TASK DIRECTIONS: Output the records exactly, with no line skipped.
(EXERCISE INPUT)
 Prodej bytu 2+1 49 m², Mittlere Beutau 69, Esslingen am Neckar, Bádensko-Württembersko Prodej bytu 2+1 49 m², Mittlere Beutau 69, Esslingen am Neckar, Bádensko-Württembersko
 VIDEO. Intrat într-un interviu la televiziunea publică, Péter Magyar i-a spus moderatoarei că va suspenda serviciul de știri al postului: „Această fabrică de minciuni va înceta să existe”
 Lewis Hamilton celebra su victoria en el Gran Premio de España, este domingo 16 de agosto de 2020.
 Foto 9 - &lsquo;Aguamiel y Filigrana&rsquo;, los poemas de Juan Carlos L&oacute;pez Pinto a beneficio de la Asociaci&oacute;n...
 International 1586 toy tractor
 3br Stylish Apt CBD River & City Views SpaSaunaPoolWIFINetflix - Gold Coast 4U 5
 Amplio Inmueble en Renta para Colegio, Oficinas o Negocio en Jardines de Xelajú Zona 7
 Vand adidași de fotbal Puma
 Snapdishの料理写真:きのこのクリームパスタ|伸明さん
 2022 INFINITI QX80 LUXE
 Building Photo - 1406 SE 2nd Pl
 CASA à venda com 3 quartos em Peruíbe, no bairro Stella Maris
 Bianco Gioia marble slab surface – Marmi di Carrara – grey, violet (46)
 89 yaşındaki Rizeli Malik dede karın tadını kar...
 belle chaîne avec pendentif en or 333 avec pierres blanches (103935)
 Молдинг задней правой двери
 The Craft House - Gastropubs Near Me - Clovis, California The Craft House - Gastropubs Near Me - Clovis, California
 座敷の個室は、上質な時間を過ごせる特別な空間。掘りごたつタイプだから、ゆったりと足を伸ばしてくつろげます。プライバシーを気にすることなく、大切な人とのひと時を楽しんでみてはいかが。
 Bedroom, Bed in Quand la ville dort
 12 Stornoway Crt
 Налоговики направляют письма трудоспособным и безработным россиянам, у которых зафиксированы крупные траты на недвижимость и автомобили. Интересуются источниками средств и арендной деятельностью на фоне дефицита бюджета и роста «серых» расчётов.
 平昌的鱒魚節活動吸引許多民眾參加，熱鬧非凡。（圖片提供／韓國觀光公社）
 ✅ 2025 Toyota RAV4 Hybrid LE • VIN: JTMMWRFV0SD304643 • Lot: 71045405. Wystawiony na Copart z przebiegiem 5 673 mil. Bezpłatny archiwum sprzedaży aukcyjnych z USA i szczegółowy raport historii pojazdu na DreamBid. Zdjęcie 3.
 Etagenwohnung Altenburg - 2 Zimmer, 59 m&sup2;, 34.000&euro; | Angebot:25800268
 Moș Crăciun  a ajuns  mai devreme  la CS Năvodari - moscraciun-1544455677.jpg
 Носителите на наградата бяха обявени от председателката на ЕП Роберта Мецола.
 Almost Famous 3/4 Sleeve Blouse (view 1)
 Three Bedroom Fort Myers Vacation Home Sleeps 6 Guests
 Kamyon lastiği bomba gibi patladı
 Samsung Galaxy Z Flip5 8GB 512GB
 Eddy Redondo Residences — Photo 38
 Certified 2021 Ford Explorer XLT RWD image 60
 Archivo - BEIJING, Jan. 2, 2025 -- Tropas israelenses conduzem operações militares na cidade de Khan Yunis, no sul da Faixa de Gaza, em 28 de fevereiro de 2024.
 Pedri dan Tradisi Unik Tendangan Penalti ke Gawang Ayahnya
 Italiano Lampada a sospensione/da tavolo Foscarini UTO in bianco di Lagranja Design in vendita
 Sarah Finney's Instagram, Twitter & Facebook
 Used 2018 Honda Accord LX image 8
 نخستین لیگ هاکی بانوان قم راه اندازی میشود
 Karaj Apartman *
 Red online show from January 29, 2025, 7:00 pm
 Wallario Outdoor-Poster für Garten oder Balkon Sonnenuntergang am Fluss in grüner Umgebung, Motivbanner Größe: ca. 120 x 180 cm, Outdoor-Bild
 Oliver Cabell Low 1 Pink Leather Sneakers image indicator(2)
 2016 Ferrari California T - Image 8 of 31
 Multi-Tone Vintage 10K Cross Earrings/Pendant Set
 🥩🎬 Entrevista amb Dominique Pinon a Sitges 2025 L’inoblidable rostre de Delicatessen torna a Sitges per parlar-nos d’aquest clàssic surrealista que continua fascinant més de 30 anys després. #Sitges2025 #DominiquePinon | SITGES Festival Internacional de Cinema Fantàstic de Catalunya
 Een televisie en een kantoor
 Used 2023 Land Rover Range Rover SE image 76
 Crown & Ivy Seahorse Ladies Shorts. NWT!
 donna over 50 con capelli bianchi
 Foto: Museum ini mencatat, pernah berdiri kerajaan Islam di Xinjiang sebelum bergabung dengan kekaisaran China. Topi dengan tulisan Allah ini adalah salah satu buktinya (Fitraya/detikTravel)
(End EXERCISE INPUT)
RESULT:
 Prodej bytu 2+1 49 m², Mittlere Beutau 69, Esslingen am Neckar, Bádensko-Württembersko Prodej bytu 2+1 49 m², Mittlere Beutau 69, Esslingen am Neckar, Bádensko-Württembersko
 VIDEO. Intrat într-un interviu la televiziunea publică, Péter Magyar i-a spus moderatoarei că va suspenda serviciul de știri al postului: „Această fabrică de minciuni va înceta să existe”
 Lewis Hamilton celebra su victoria en el Gran Premio de España, este domingo 16 de agosto de 2020.
 Foto 9 - &lsquo;Aguamiel y Filigrana&rsquo;, los poemas de Juan Carlos L&oacute;pez Pinto a beneficio de la Asociaci&oacute;n...
 International 1586 toy tractor
 3br Stylish Apt CBD River & City Views SpaSaunaPoolWIFINetflix - Gold Coast 4U 5
 Amplio Inmueble en Renta para Colegio, Oficinas o Negocio en Jardines de Xelajú Zona 7
 Vand adidași de fotbal Puma
 Snapdishの料理写真:きのこのクリームパスタ|伸明さん
 2022 INFINITI QX80 LUXE
 Building Photo - 1406 SE 2nd Pl
 CASA à venda com 3 quartos em Peruíbe, no bairro Stella Maris
 Bianco Gioia marble slab surface – Marmi di Carrara – grey, violet (46)
 89 yaşındaki Rizeli Malik dede karın tadını kar...
 belle chaîne avec pendentif en or 333 avec pierres blanches (103935)
 Молдинг задней правой двери
 The Craft House - Gastropubs Near Me - Clovis, California The Craft House - Gastropubs Near Me - Clovis, California
 座敷の個室は、上質な時間を過ごせる特別な空間。掘りごたつタイプだから、ゆったりと足を伸ばしてくつろげます。プライバシーを気にすることなく、大切な人とのひと時を楽しんでみてはいかが。
 Bedroom, Bed in Quand la ville dort
 12 Stornoway Crt
 Налоговики направляют письма трудоспособным и безработным россиянам, у которых зафиксированы крупные траты на недвижимость и автомобили. Интересуются источниками средств и арендной деятельностью на фоне дефицита бюджета и роста «серых» расчётов.
 平昌的鱒魚節活動吸引許多民眾參加，熱鬧非凡。（圖片提供／韓國觀光公社）
 ✅ 2025 Toyota RAV4 Hybrid LE • VIN: JTMMWRFV0SD304643 • Lot: 71045405. Wystawiony na Copart z przebiegiem 5 673 mil. Bezpłatny archiwum sprzedaży aukcyjnych z USA i szczegółowy raport historii pojazdu na DreamBid. Zdjęcie 3.
 Etagenwohnung Altenburg - 2 Zimmer, 59 m&sup2;, 34.000&euro; | Angebot:25800268
 Moș Crăciun  a ajuns  mai devreme  la CS Năvodari - moscraciun-1544455677.jpg
 Носителите на наградата бяха обявени от председателката на ЕП Роберта Мецола.
 Almost Famous 3/4 Sleeve Blouse (view 1)
 Three Bedroom Fort Myers Vacation Home Sleeps 6 Guests
 Kamyon lastiği bomba gibi patladı
 Samsung Galaxy Z Flip5 8GB 512GB
 Eddy Redondo Residences — Photo 38
 Certified 2021 Ford Explorer XLT RWD image 60
 Archivo - BEIJING, Jan. 2, 2025 -- Tropas israelenses conduzem operações militares na cidade de Khan Yunis, no sul da Faixa de Gaza, em 28 de fevereiro de 2024.
 Pedri dan Tradisi Unik Tendangan Penalti ke Gawang Ayahnya
 Italiano Lampada a sospensione/da tavolo Foscarini UTO in bianco di Lagranja Design in vendita
 Sarah Finney's Instagram, Twitter & Facebook
 Used 2018 Honda Accord LX image 8
 نخستین لیگ هاکی بانوان قم راه اندازی میشود
 Karaj Apartman *
 Red online show from January 29, 2025, 7:00 pm
 Wallario Outdoor-Poster für Garten oder Balkon Sonnenuntergang am Fluss in grüner Umgebung, Motivbanner Größe: ca. 120 x 180 cm, Outdoor-Bild
 Oliver Cabell Low 1 Pink Leather Sneakers image indicator(2)
 2016 Ferrari California T - Image 8 of 31
 Multi-Tone Vintage 10K Cross Earrings/Pendant Set
 🥩🎬 Entrevista amb Dominique Pinon a Sitges 2025 L’inoblidable rostre de Delicatessen torna a Sitges per parlar-nos d’aquest clàssic surrealista que continua fascinant més de 30 anys després. #Sitges2025 #DominiquePinon | SITGES Festival Internacional de Cinema Fantàstic de Catalunya
 Een televisie en een kantoor
 Used 2023 Land Rover Range Rover SE image 76
 Crown & Ivy Seahorse Ladies Shorts. NWT!
 donna over 50 con capelli bianchi
 Foto: Museum ini mencatat, pernah berdiri kerajaan Islam di Xinjiang sebelum bergabung dengan kekaisaran China. Topi dengan tulisan Allah ini adalah salah satu buktinya (Fitraya/detikTravel)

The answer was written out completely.